2.1 - Matrix Operations

Main:	Index
Previous:	1.9 - The Matrix of a Linear Transformation
Next:	2.2 - The Inverse of a Matrix

Results

Many calculations can be simplified if we do the calculations directly on the matrix. If A is a m×n matrix, the scalar entry in row i and column j of A is denoted by $a_{ij}$ and is called the (i,j)-entry.
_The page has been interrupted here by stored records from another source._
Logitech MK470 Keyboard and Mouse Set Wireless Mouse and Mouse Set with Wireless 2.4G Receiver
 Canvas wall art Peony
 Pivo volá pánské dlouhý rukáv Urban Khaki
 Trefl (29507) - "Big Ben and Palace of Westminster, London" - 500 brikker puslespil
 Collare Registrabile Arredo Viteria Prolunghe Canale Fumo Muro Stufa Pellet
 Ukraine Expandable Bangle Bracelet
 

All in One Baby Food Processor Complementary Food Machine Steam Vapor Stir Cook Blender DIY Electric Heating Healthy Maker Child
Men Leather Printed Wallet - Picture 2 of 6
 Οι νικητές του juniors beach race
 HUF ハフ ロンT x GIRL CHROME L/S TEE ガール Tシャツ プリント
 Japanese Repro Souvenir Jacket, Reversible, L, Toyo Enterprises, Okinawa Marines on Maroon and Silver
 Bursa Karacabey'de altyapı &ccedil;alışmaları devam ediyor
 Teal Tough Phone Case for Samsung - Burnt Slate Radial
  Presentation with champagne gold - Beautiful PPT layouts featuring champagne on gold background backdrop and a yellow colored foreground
Matrix when highlighting columns: $$ A = \big[\bs{a}_1 \;\; \cdots \;\; \bs{a}_j \;\; \cdots \;\; \bs{a}_n \big] $$ Matrix with the elements: $$ A = \begin{bmatrix*}[ccccc] a_{11} & \cdots & a_{1j} & \cdots & a_{1n} \\ \vdots & & \vdots & & \vdots \\ a_{i1} & \cdots & a_{ij} & \cdots & a_{in} \\ \vdots & & \vdots & & \vdots \\ a_{m1} & \cdots & a_{mj} & \cdots & a_{mn} \end{bmatrix*} $$
The diagonal entries $a_{11}, a_{22}, \ldots$ form the main diagonal. A diagonal matrix is a square matrix whose nondiagonal elements are nonzero: $$ \begin{bmatrix*}[rrr] 3 & 0 & 0 \\ 0 & 2 & 0 \\ 0 & 0 & 1 \end{bmatrix*}. $$ An important example of this is the identity matrix, which is a diagonal matrix where all elements are 1 and are referred to as $I_n$. For example, $I_3$: $$ \begin{bmatrix*}[rrr] 1 & 0 & 0 \\ 0 & 1 & 0 \\ 0 & 0 & 1 \end{bmatrix*}. $$ Finally we have the zero matrix, where all elements are 0. Denoted by 0 or O: $$ \begin{bmatrix*}[rrr] 0 & 0 & 0 \\ 0 & 0 & 0 \\ 0 & 0 & 0 \end{bmatrix*}. $$

Sums and Scalar Multiples

The vector calculations can be extended to matrices. We say that two matrcies are equal if they have the same dimension. When adding two matrices, we simply add each corresponding entry in the matrix. From this definition, it only applies when the matrices are equal. We scale a matrix by muliplying with some scalar $r$. This is then multiplied to every entry of A.

Theorem 2.1

Let A, B and C be matrices of equal size, and let r and s be some scalars.

  (a) $A + B = B + A$

  (b) $(A + B) + C = A + (B + C)$

  (c) $A + O = A$

  (d) $r(A + B) = rA + rB$

  (e) $(r + s)A = rA + sA$

  (f) $r(sA) = (rs)A$

Matrix Multiplication

When a matrix B is multiplied with a vector x, it is transformed into another vector Bx. If this vector is multiplied by another matrix A, the result is a third vector A(Bx).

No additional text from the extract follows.